• [Data]:
= Beginning of Section =

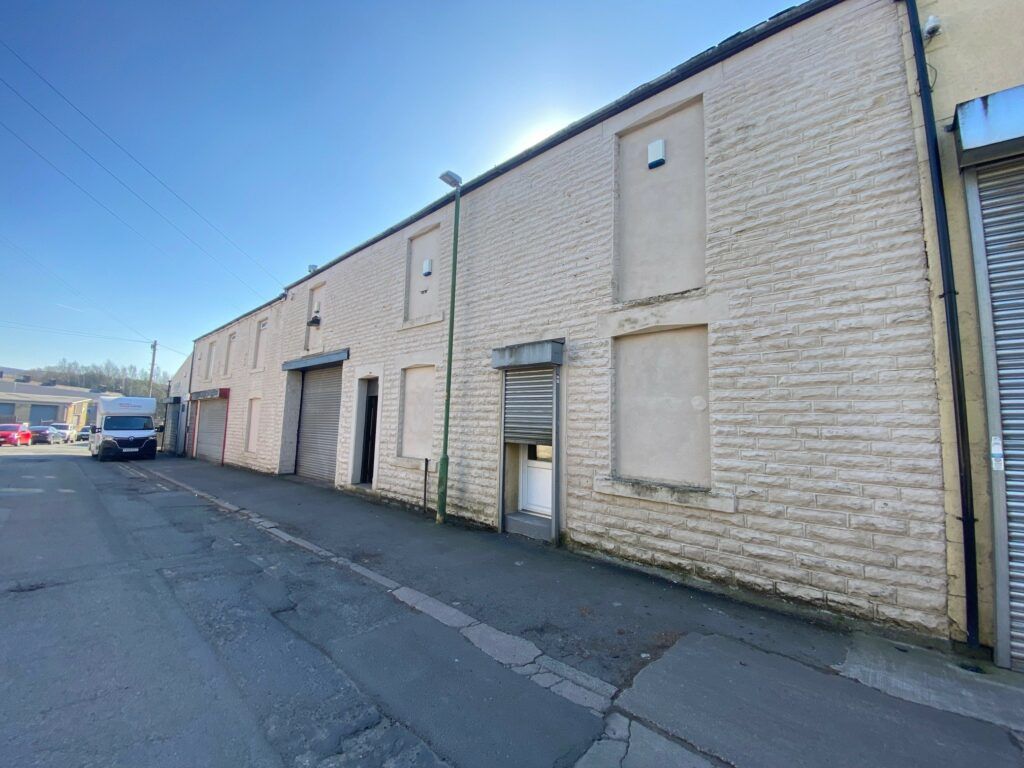Property photo 1 of 6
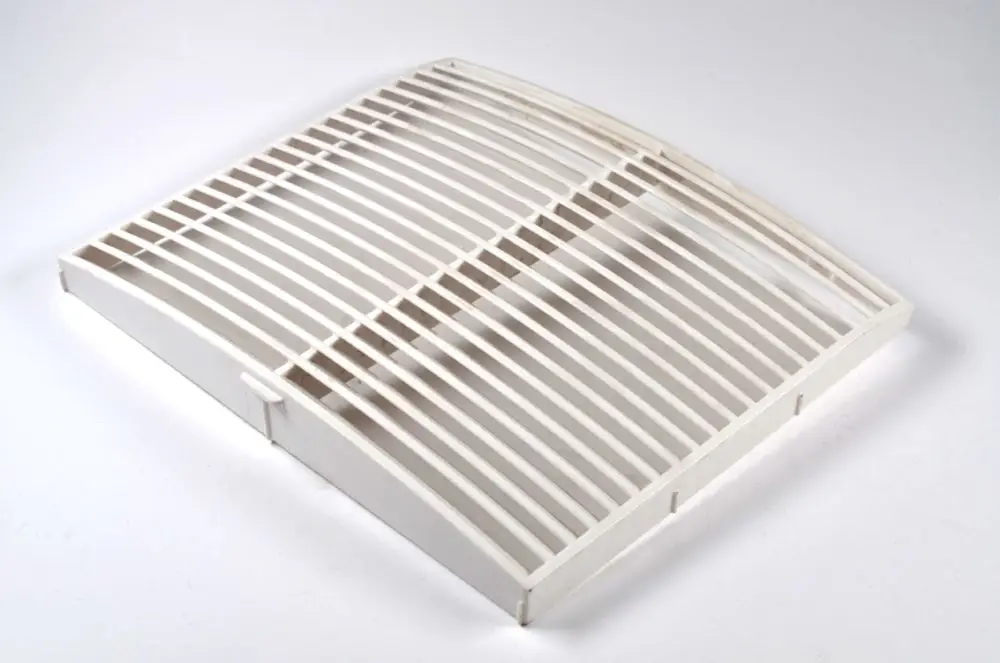 Weißes Ansauggitter mit horizontalen Lamellen, geeignet für die Luftzirkulation. Produkt von Remko, schlichtes Design ohne weitere markante Merkmale.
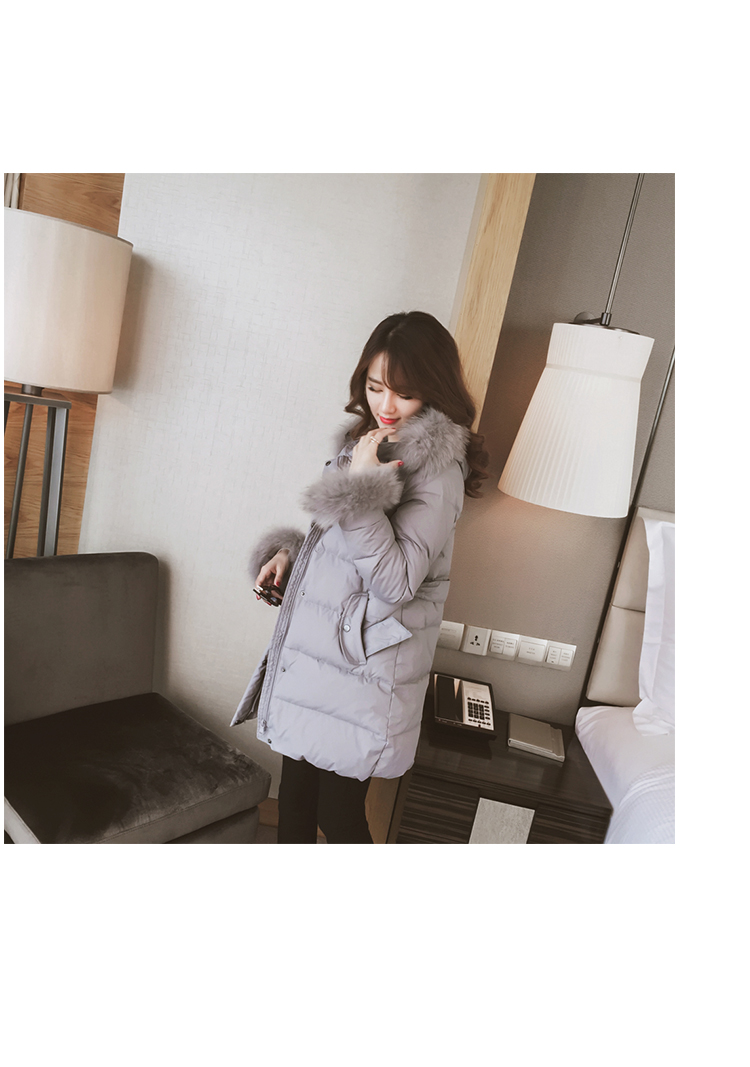 เสื้อโค้ทกันหนาว ตัวยาว ประดับเฟอร์ ที่คอฮู้ดและปลายแขน ผ้าร่มเนื้อดีกันลม กระดุม+ซิปหน้า เกาหลีมากๆ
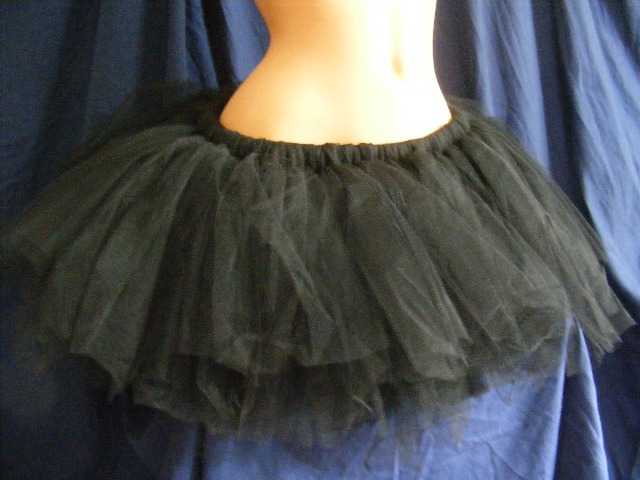 plain tutu black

= End of Section =

Exact copy, no pictures: please print the data above once more.

Property photo 1 of 6
 Weißes Ansauggitter mit horizontalen Lamellen, geeignet für die Luftzirkulation. Produkt von Remko, schlichtes Design ohne weitere markante Merkmale.
 เสื้อโค้ทกันหนาว ตัวยาว ประดับเฟอร์ ที่คอฮู้ดและปลายแขน ผ้าร่มเนื้อดีกันลม กระดุม+ซิปหน้า เกาหลีมากๆ
 plain tutu black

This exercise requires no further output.